Two of Myers' co-defendants, Philadelphia city councilman Louis C. Johanson, and former Camden, N.J., mayor Angelo J. Errichetti, also were sentenced today. Johanson, whose son committed suicide because of Abscam, according to his lawyer, was sentenced to three years in prison and a $20,000 fine.
Errichetti, the unknowing middleman who introduced several members of Congress to undercover FBI agents posing as representatives of an Arab sheik, was sentenced to six years in prison and fined $40,000, double the penalties of the former congressmen. Sentencing for another middleman, Philadelphia lawyer Howard L. Criden, was postponed because he recently suffered a serious heart attack.
All the defendants said they plan to appeal so it is expected to be at least a year before any prison sentence begins. Under parole guidelines none of those sentenced today will serve more than 20 months, defense attorneys said.

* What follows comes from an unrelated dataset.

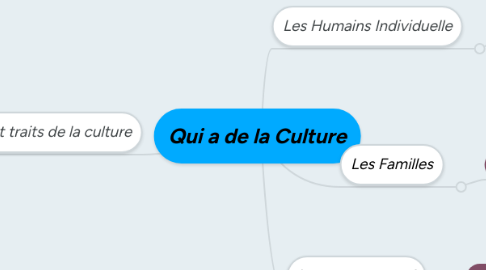 Mind Map: Qui a de la Culture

Murphy, the only one of the Abscam congressmen not convicted of bribery charges, stoutly proclaimed his innocence today, as he has throughout the 18 months the nation's most sweeping congressional scandal has been public.
He alone accepted Pratt's invitation to join his attorney's pre-sentencing statement. He read a prepared statement blasting the government's conduct in the case. Abscam's "criminal excesses," he said, "transcend the very crime it is supposed to stop, injure innocent people and lay the groundwork for the supreme domination of . . . the executive branch which controls the police function."
In an apparent slap at Pratt's rejection of his motions on government misconduct and his appeals, Murphy also said the absurdity of the government's conspiracy theory would become apparent "under more mature scrutiny." His attorney, Michael E. Tigar, said the case raised the moral question of what the "federal police and prosecutors ought to do and not what they are able to do."
The unusual joint sentencing of defendants from three separate Abscam cases came nearly a year after Myers' trial began. The delay was caused by Pratt's consideration of claims that the constitutional rights of the congressmen were violated by FBI agents offering undercover bribe offers in return for promises of immigration help for a fictitious "sheik."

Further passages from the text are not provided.